The existence of William Blake's poem, "Mock on, Mock on, Voltaire, Rousseau," written sometime between 1780 and 1810, proves beyond the shadow of a doubt that fantasy football was a popular component of highbrow European culture as early as the 18th century. This is puzzling, as sports historians would point out that football had not even been invented. Nevertheless, intellectual luminaries such as Voltaire and Rousseau were clearly so committed to winning their fantasy football leagues that they participated in mock drafts with William Blake. No league records survive, but I bet Blake trounced them. After all, they were French.

Despite the apparent popularity of mock drafts with our friends "across the pond" for several centuries, however, I confess that I did not discover mock drafts for fantasy football until I read Chris Frick's "Stuck in the Mock" on FF Today.

Mr. Frick, you are an informative and engaging writer, and I HATE YOU.

Mock drafts are the absolute last thing I needed to find out about. As a person who 1) simply can't wait for the NFL to get underway, 2) always makes a dud pick in the early rounds, and 3) has an extremely reduced work schedule in the summer--as a person who meets all three of these criteria, I was bound to become mired in the Bermuda Triangle of mock drafting as soon as I learned about it from Mr. Frick.

But now that I have discovered the great desolator-of-time that is mocking, I am going to expand on the observations in "Stuck in the Mock" in order to make it as easy as possible for the rest of you clowns to become as addicted as I am. Then maybe I won't feel so guilty.

It's best to begin with a definition, so here goes:

mock draft, noun 1. a process whereby fantasy football participants take turns selecting NFL players in order to construct imaginary teams that will never ever play against one another, neither in the real world nor even in fantasy leagues. 2. a complete waste of time.
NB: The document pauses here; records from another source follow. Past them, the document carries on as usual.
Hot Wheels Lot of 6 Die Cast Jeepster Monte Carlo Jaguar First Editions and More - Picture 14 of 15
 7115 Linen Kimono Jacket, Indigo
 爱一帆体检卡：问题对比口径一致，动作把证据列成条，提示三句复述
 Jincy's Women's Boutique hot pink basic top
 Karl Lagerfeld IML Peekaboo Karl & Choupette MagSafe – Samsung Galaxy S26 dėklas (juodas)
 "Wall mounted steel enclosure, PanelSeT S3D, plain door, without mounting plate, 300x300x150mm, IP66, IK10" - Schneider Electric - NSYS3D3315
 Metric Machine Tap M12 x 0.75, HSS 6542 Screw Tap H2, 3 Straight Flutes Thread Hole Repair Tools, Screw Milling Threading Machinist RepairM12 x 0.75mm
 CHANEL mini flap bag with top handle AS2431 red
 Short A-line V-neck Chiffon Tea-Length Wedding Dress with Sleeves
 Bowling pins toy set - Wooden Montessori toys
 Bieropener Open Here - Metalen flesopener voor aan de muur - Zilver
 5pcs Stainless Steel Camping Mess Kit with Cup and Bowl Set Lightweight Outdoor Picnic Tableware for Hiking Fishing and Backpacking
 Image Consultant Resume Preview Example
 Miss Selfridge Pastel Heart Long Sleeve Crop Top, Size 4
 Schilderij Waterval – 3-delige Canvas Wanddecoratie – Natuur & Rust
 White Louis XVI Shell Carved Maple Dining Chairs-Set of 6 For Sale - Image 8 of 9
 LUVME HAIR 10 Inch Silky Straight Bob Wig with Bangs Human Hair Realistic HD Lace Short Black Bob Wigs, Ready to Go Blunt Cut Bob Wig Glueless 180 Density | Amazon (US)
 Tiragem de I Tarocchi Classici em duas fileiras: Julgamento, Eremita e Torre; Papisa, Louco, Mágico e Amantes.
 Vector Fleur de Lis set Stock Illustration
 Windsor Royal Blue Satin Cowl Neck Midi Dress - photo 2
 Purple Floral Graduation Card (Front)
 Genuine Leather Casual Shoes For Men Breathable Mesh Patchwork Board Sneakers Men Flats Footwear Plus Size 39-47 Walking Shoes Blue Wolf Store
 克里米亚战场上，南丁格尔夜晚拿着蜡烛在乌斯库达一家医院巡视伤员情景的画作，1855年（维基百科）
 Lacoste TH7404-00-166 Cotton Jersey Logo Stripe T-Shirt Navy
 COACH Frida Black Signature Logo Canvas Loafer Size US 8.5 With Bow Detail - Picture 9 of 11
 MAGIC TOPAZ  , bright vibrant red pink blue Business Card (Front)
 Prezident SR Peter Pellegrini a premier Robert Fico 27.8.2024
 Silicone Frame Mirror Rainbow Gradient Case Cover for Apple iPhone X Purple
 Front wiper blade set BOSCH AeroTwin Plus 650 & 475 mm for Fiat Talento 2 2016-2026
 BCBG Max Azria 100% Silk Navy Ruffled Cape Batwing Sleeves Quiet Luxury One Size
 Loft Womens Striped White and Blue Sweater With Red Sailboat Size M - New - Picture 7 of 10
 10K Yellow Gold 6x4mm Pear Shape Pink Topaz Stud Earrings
If you think fantasy football is removed from reality, then you better be prepared for a whole 'nother step back from the concrete world when it comes to mock drafting. A mock draft isn't a way of building a fantasy football roster; it's a way of finding out whether Daunte Culpepper will be available to you in Round 2 if you take Curtis Martin in Round 1. Once you've finished with a mock draft, you don't have to wait for the NFL season to begin to see how you did. You simply look back over your choices and try to decide whether you could have waited until the 7th round to pick up Johnnie Morton as your #3 wide-out.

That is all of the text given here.